(DATA SHOWN begins)

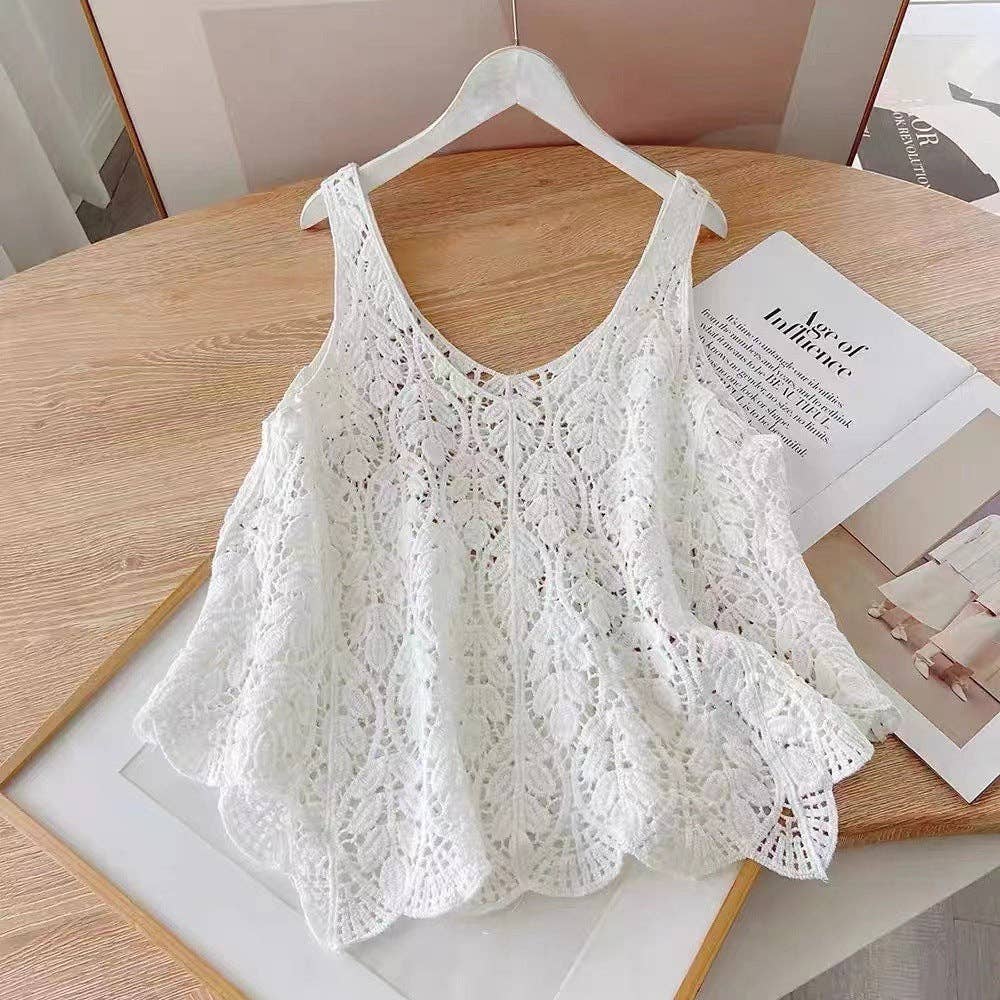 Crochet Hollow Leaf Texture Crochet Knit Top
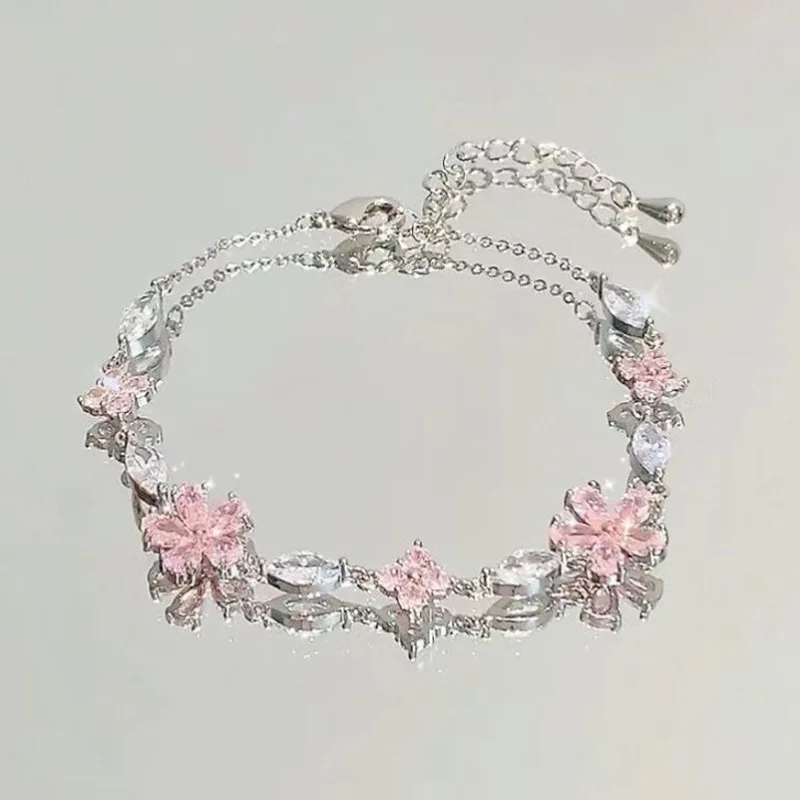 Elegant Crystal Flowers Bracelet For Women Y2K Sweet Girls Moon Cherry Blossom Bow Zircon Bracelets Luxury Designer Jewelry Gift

(DATA SHOWN ends)
(DATA SHOWN begins)

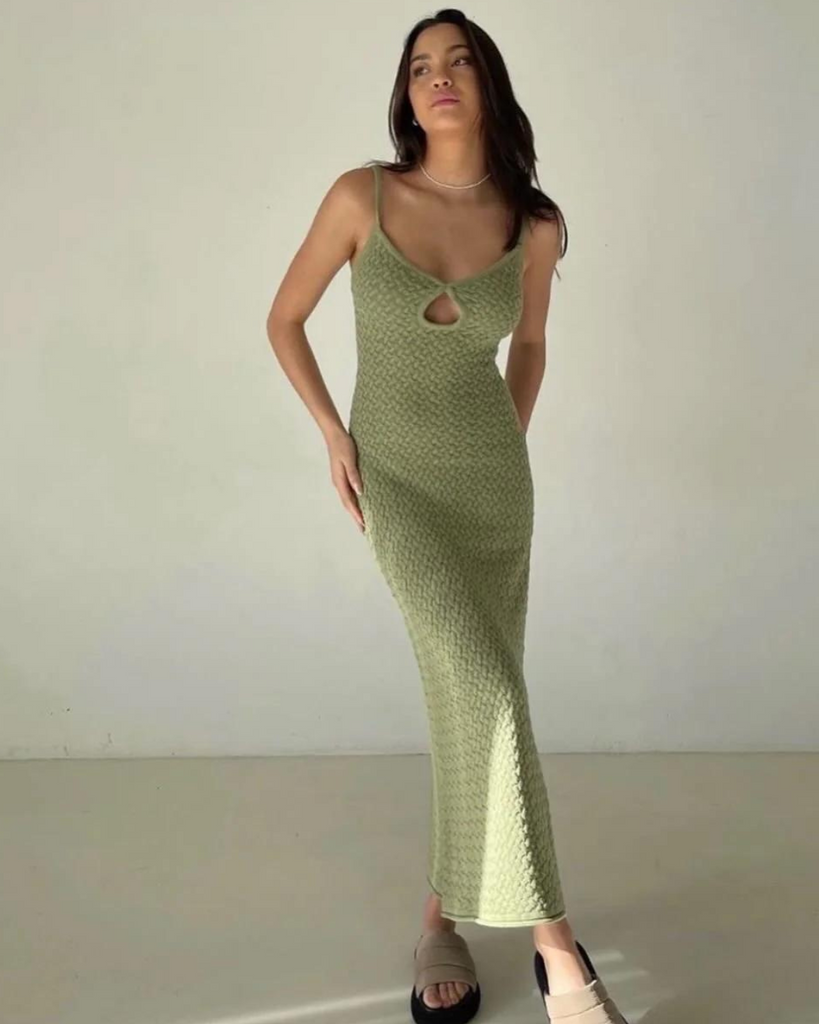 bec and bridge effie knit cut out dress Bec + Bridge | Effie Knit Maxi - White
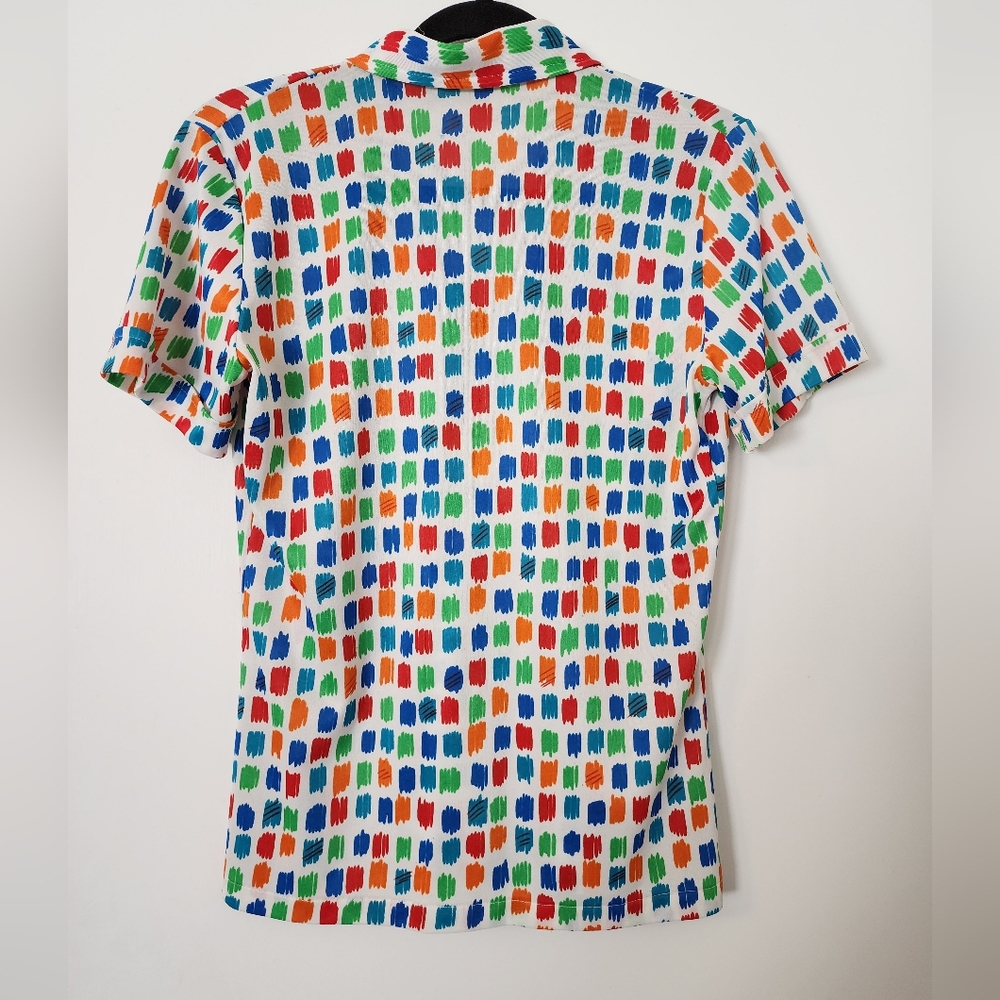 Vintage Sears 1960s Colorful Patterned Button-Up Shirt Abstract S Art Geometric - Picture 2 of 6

(DATA SHOWN ends)

__TRY IT__. The result should be an exact copy of only the lines above from the one that holds "Crochet Hollow Leaf Texture Crochet Knit Top" through the one that holds "Elegant Crystal Flowers", both ends included, without pictures.

__REPLY TO THE EXERCISE__.
 Crochet Hollow Leaf Texture Crochet Knit Top
 Elegant Crystal Flowers Bracelet For Women Y2K Sweet Girls Moon Cherry Blossom Bow Zircon Bracelets Luxury Designer Jewelry Gift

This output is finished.